── DATASET ──
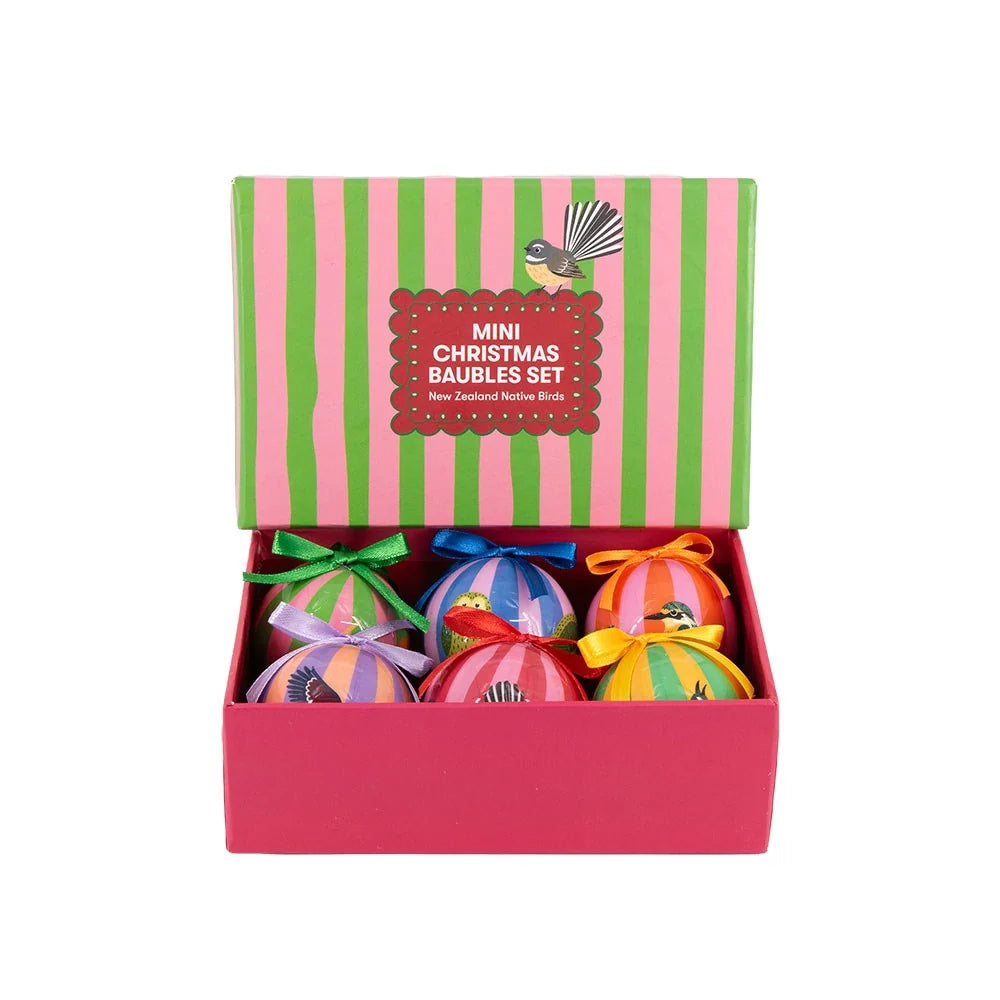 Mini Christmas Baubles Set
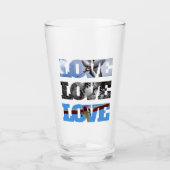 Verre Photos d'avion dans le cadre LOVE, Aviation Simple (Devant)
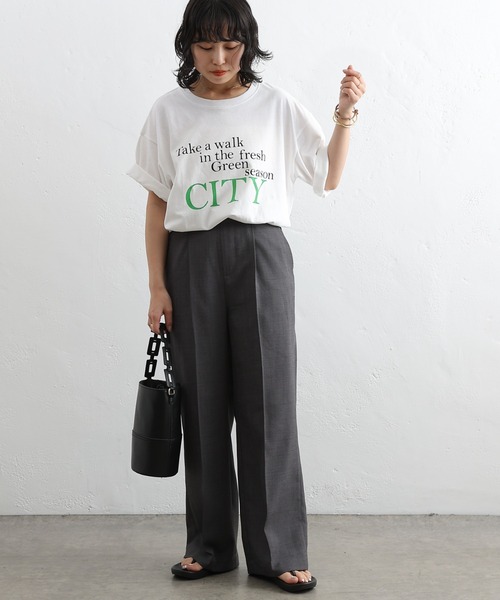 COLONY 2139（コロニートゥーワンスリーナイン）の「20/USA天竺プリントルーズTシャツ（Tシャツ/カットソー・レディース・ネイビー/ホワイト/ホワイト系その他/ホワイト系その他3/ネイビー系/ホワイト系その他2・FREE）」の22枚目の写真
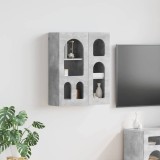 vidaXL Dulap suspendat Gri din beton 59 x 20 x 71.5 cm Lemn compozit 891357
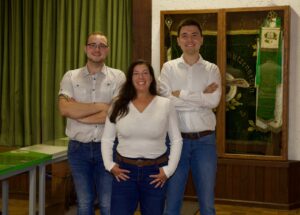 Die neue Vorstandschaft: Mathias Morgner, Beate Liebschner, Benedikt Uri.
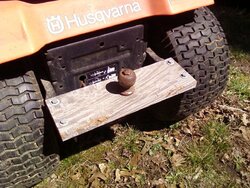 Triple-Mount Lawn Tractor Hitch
───
── DATASET ──
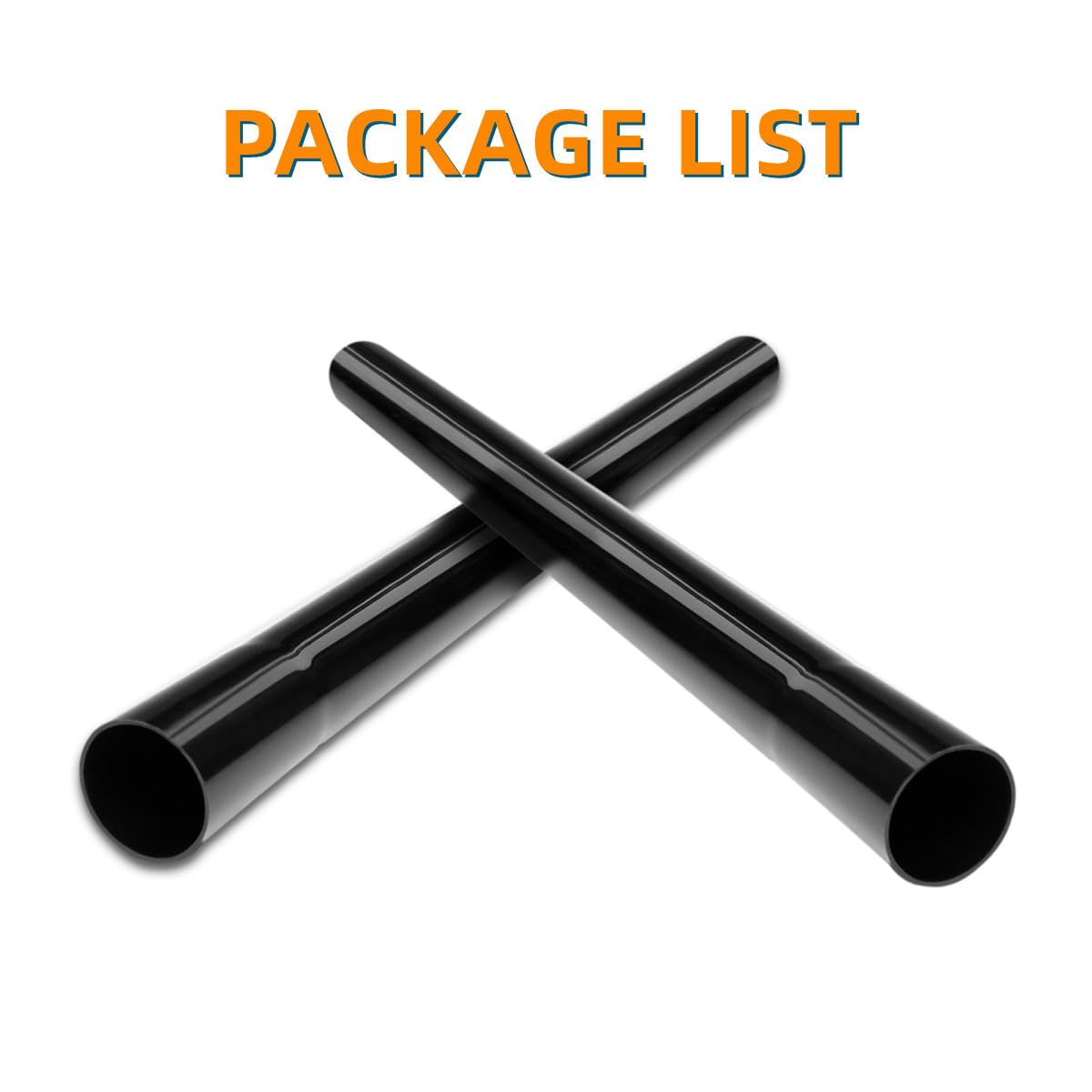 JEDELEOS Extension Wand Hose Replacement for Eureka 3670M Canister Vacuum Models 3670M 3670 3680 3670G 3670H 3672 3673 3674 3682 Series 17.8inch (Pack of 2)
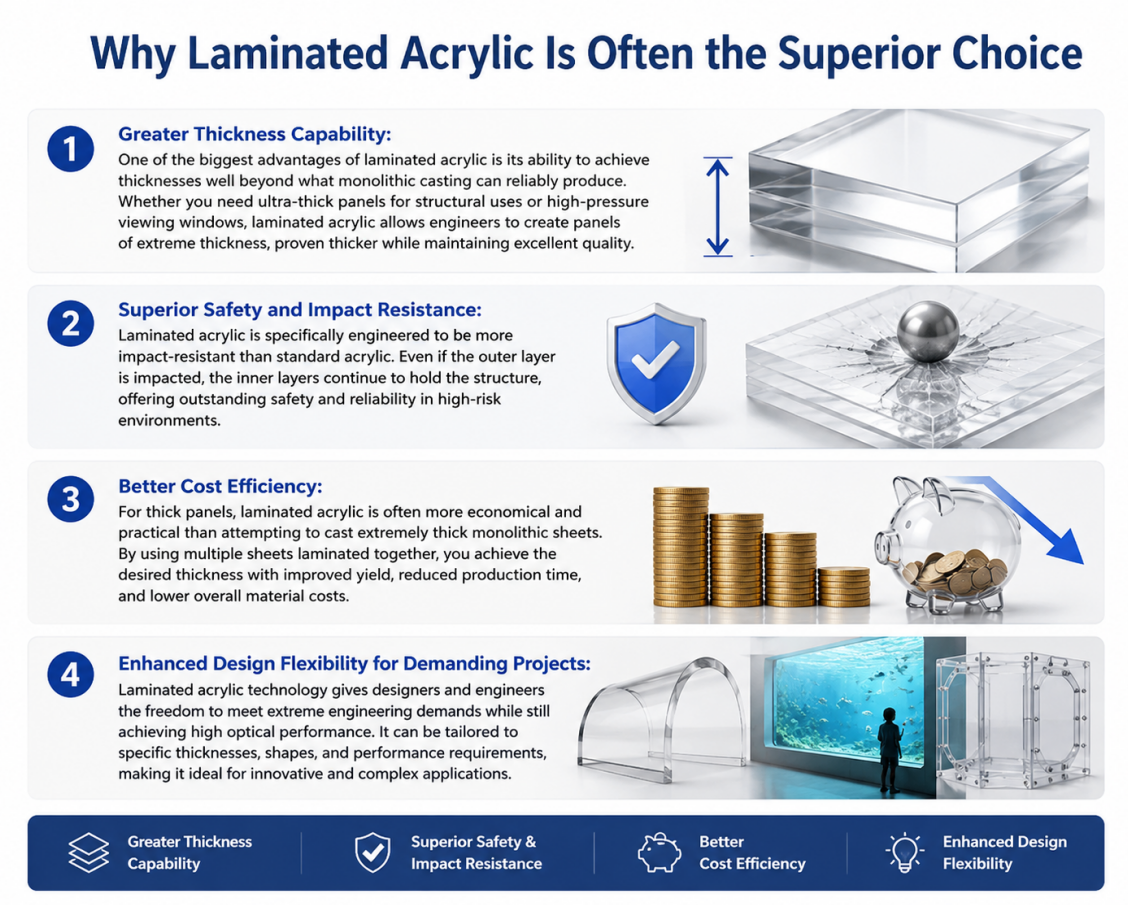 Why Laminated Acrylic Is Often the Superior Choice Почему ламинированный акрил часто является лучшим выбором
───
── DATASET ──
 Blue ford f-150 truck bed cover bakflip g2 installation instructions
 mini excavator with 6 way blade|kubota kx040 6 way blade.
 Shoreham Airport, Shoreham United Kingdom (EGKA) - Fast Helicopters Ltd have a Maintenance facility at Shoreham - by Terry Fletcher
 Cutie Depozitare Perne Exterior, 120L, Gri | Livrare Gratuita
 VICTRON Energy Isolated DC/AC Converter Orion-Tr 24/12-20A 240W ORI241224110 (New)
───
TRY IT: The entries above hold the needed span. Transcribe exactly the lines from the one with "Cutie Depozitare Perne" to the one with "VICTRON Energy Isolated", both included.

WORKED SOLUTION:
 Cutie Depozitare Perne Exterior, 120L, Gri | Livrare Gratuita
 VICTRON Energy Isolated DC/AC Converter Orion-Tr 24/12-20A 240W ORI241224110 (New)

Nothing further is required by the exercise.